The First Circuit Court of Appeals answers this question in her 60-page opinion, upholding a $700,000 judgment against the Providence Rhode Island Fire Department in Franchina v City of Providence. This isn’t just any harassment case. The firefighter-plaintiff is/was a woman and a lesbian. Now, you may remember that Title VII does not explicitly prohibit discrimination based on sexual orientation. The EEOC’s position is that discrimination “because of sex” (in Title VII language) includes sexual orientation discrimination. The US Supreme Court recently declined to hear a case on this very issue. But this case isn’t only (or even primarily) about harassment based on sexual orientation. It’s a sexual harassment and sexual (orientation) harassment claim — oh and a retaliation claim too. This type of claim has come to be known as a “Sex-Plus” Harassment claim. What do you need to prove such a claim? What did this specific case involve? Read on to find out more…
(images from dailymail.co.uk and providenceri.gov)
I’m going to answer the questions I raised in reverse order.

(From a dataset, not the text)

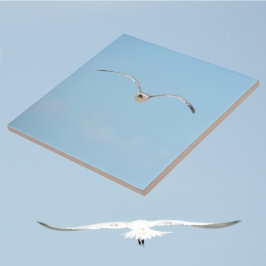 Royal Tern in Flight Coastal Sky Blue Fliese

Simply put, what happened? There just isn’t enough space to get into all the facts (you can find the court’s lengthy opinion here if you are interested) so I’ll give you a very condensed version.
Ms. Franchina started working as a firefighter with the North Main Street Fire Station in 2002. Between 2002 and 2006 she not only experienced no problems, but moved up the ranks quickly, receiving numerous commendations. In 2006 she was moved to a different fire station and ultimately was promoted to a Rescue Lieutenant position–and the troubles began. In particular one firefighter with a history of sexually harassing female firefighters started in with her immediately, asking her if she was a lesbian, offering to impregnate her, walking in on her while she was changing clothes in her personal quarters, wearing only his boxers, refusing to leave when requested to do so. The Fire Chief wrote up a formal complaint against him. Once word spread about the firefighter’s disciplinary hearing other firefighters joined. The firefighter responsible for cooking the others’ meals first would not cook for Ms. Franchina. When told he had to, he doctored her food, causing her gastrointestinal problems. Other firefighters refused to take orders from her even though she was their superior. A member of her team flung blood and brain matter of a suicide attempt victim at her. Her team members regularly called her “bitch”, “cunt” and “Frangina”, either out loud or by writing the epithets on a group white board in one of the common areas of the station house. Male firefighters spat on and shoved her regularly. Evidence also showed that other female firefighters were subjected to harassment, except for those who were willing to sleep with the male firefighters. I could go on, but you probably get the idea.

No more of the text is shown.